Por ejemplo: nuestra preferencia tradicional (y masiva) por los empleos públicos puede ser vista como la búsqueda deliberada de contextos laborales en los que las reglas que establecen los derechos de los trabajadores fueran mucho más claras y rígidas. Contextos donde es más difícil suspendernos o echarnos, donde las licencias, feriados y vacaciones son más generosas (y rígidas) a favor de los trabajadores, donde las remuneraciones suelen ser más altas que las del sector privado, y así sucesivamente.
Más allá del atractivo del argumento (atractivo real, me parece, para buena parte de los observadores más o menos profesionales de la sociedad uruguaya), ¿hay alguna evidencia adicional más “dura” que lo apoye? Sí, la hay. Últimamente Michael Porter, de la Universidad de Harvard, y un equipo interdisciplinario de colaboradores están produciendo un Índice de Progreso Social (SPI, por su sigla en inglés), disponible en la red, que se propone medir solamente el progreso social, sin tener en cuenta indicadores económicos. El índice incluye tres dimensiones (necesidades humanas básicas, fundamentos del bienestar y oportunidades). Cada una de ellas tiene cuatro componentes, medidos, cada uno, por varios indicadores, ninguno de ellos económico. En total, cincuenta y dos indicadores; la combinación de todos ellos produce el SPI.
En la última edición (2015), Uruguay aparece con un excelente nivel de desarrollo social: está en el lugar 24 de 133 países (los dos primeros son Noruega y Suecia) y es el mejor posicionado entre los diecisiete países de América Latina continental. Como en muchas otras cosas, los tres países de más desarrollo social de la región son Uruguay, Chile y Costa Rica, en ese orden.
Para esta discusión lo que importa es que el SPI establece hasta qué punto los desarrollos sociales de cada país son independientes de su situación económica. Para medir, para cada país, cuánto se “despega” su desarrollo social de su producto bruto per cápita, los autores del SPI consideran sus quince “vecinos” en materia económica (los quince países que tienen PBI per cápita más parecido) y comparan el desarrollo social del país con el de sus quince vecinos. En esta comparación se ve si cada país tiene el desarrollo social que se esperaría según su situación económica (similar al de sus quince vecinos) o si está claramente por debajo de él (“underperformer”), o a la inversa, si lo supera (“overperformer”).

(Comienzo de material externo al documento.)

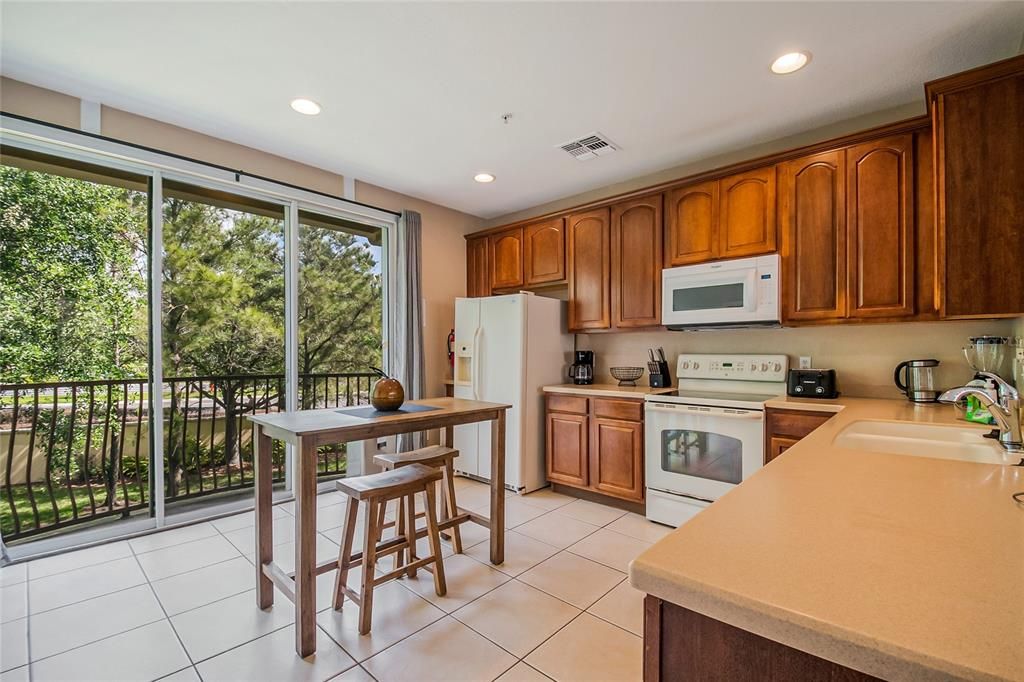 Active With Contract: $475,000 (3 beds, 3 baths, 1741 Square Feet)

Los resultados de estas comparaciones fueron los siguientes. Primero, los mayores “overperformers” de los 133 países son Costa Rica (+8,37) y Uruguay (+4,95), en ese orden. Segundo, los dos tienen más desarrollo social que sus vecinos especialmente en una de sus tres dimensiones, la de las oportunidades (Uruguay +12,15; Costa Rica +9,08). Tercero, en esa dimensión están los tres únicos componentes políticos del SPI y Uruguay es un caso extremo de “overperformer” en dos de esos componentes: tolerancia e inclusión (Uruguay +21,83, Portugal +12,85, Costa Rica +11,29) y libertades personales (Rwanda +13,26, Uruguay +10,35).
En otras palabras, lo distintivo del Uruguay a escala mundial está en sus “bienes políticos”, mucho más amplios de lo que se podría esperar en función de su desarrollo económico. Para producir esto se necesita tiempo, de modo que a lo largo de mucho tiempo el país ha construido un desarrollo social (y una cultura política) “muy por encima de sus medios”. Somos un país de medio pelo, de ingresos medios, pero dotado de un muy respetable derecho al pataleo cristalizado y consolidado a lo largo de generaciones.
Eso tiene sus pros y sus contras. Por un lado, en nuestra mitología cultural, en el destino del coronel Lorenzo Latorre (los orientales “son ingobernables”). Bastante más cerca en el tiempo, en el rechazo colectivo al gobierno militar 1973-85. Pero, ya se sabe, el gaucho Martín Fierro en la tierra del “naides es más que naides” tiene una relación francamente conflictiva con la autoridad.